Back on topic, I do think that on board comedy announcements are a bit Marmite. They can be funny the first time, but I'd say it'd wear a bit thin on a regular commuter route.
 

Skymonster

Member
Joined
7 Feb 2012
Messages
1,072
Just this weekend on a Cross Country Voyager arriving at Sheffield, the announcement went something like... “... Change here for services to Liverpool Lime Street via Stockport, Manchester Piccadilly,... Hull, Scarborough,... via Doncaster... [lots more, very comprehensive list in fact]... And finally horse-drawn services to Lincoln via...”
 

ainsworth74

Forum Staff
Staff Member
Global Moderator
Joined
16 Nov 2009
Messages
22,344
Location
Redcar
I asked nicely for you all to leave the issue discussed previously alone so I'm very sad to see that it continued. So, final warning, please leave it alone. There is clearly a difference of opinion which is not going to be resolved via talking about it on this Forum. I have deleted some posts already and I will delete more alongside taking stronger action against those who persist if it doesn't stop now.
 

urbophile

Member
Joined
8 Nov 2019
Messages
158
Location
Liverpool
There is (or was until recently) a Merseyrail guard with a lugubrious voice and a deadpan sense of humour. Typical announcement: "We are approaching Sandhills where you can change for the sophisticated nightlife of Kirkby and Ormskirk. Our cruising speed is approximately 30 miles per hour, and our cruising altitude approximately one metre."
 

Class800

Member
Joined
5 Feb 2020
Messages
51
Location
West Country
On the XC service from the Midlands to Exeter, a guard announced Birmingham New Street through to Bristol Temple Meads with each station in its local accent
 

DaveHarries

Established Member
Joined
12 Dec 2011
Messages
1,851
Location
England
At the absolute height of the Thameslink shambles in 2018 I was on a train between Blackfriars and London Bridge. The driver came on the PA and made a special announcement for a class from a primary school somewhere in Hertfordshire. The driver then finished by saying 'Oliva, daddy's driving this train'!
Oh bless. Hope the girl didn't go all shy at that but a nice touch anyway.
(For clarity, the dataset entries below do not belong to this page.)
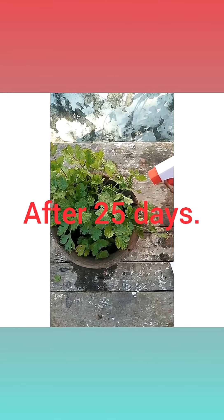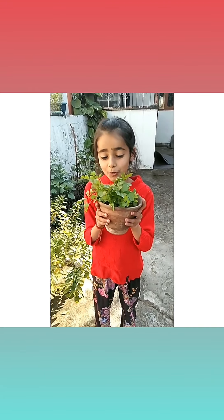Wow, the plant has come out with such beautiful green leaves to add to our today's lunch. It looks really beautiful.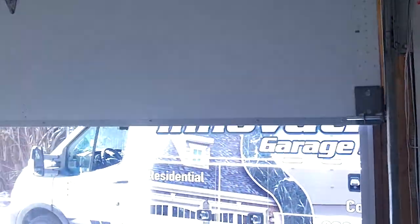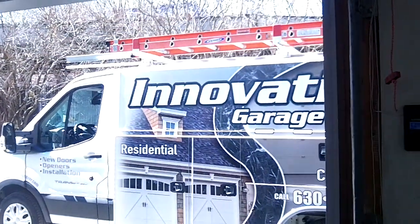8500W. Innovative Garage Door. 630-271-9343. www.innovativedoor.com.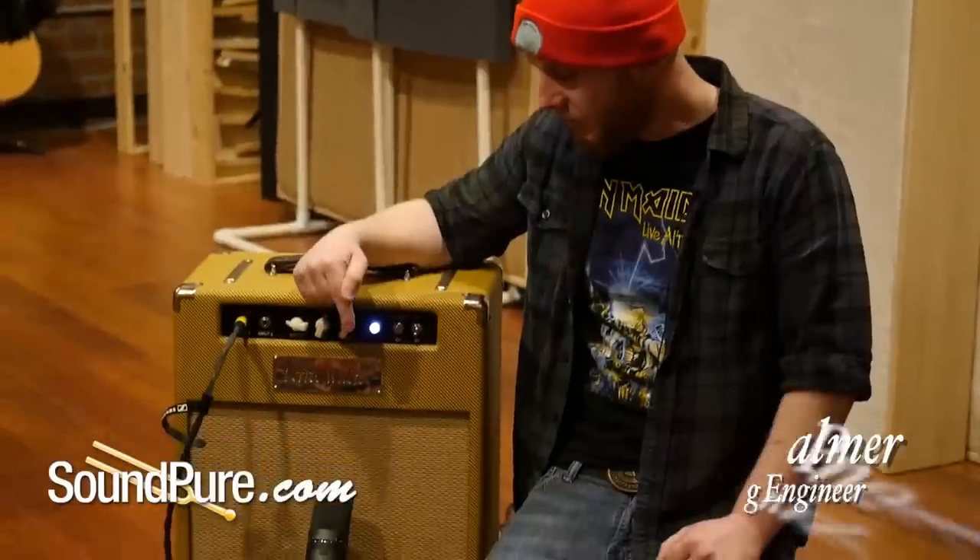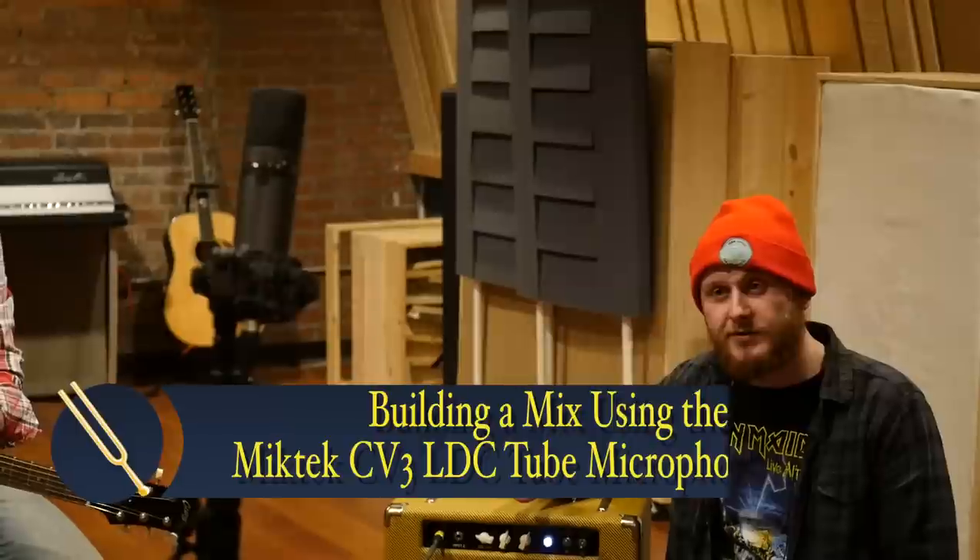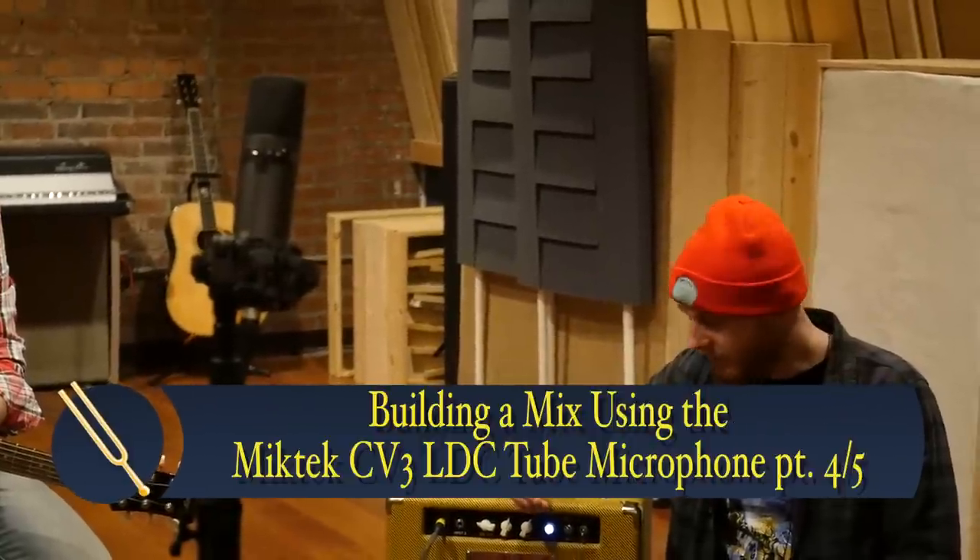Matt and I got this guitar cab mic'd up. We have this CB3 close on the cab — this one's in cardioid. That one is an Omni a little bit further back, picking up all the room tone and stuff. We're gonna balance them, pan them and all that.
There was BBC news item last year about a guard on the Bristol-Taunton line who makes silly announcements. Two that I remember are "Dance and twirl we're arriving at Worle" and "We are now arriving at Bridgwater,change here for the scenic Hinkley Point".
Yes I've had him. I remember one day being on the train to Weston-s-Mare and it was p[...]ing it down outside. Guard came on and said: "Ladies and gentlemen we are now arriving into sunny Weston-super-Mare. Please remember to take everything with you including in-laws, deckchairs, buckets, spades and sunglasses. And please remember to sunbathe responsibly." Most of the passengers in the carriage had disolved into sustained laughter by the time he finished that one.

Another one I once had was on a CrossCountry train from Birmingham to Bristol Temple Meads: we were on the approach to the second to last stop and the guard came on and referred to Bristol Parkway as "bijou" much to amusement of everyone in the carriage. Another one still referred to the same station as "bourgois". Both very funny. :lol::lol:

Dave
 

Chris217

Member
Joined
7 Nov 2018
Messages
564
I remember a TPE guard who announced how extremely delicious the sandwiches were off the trolley.
Worth every penny of the £3.50.!
 

YorksLad12

Member
Joined
5 Feb 2020
Messages
227
Location
Leeds
LNER. ‘The next stop will be Doncaster. The mother-in-law lives in Doncaster, so a good reason not to get off’’
I think that was Steve, one of the east coast regulars back in the day. He did something similar as we approached Leeds one cold, foggy night: "Please take care when stepping off the train. My mother-in-law lives in the area, hence the chilly reception on arrival this evening."

Another time: "If you are leaving us here, please make sure you take all your personal belongings with you, especially the small, noisy ones."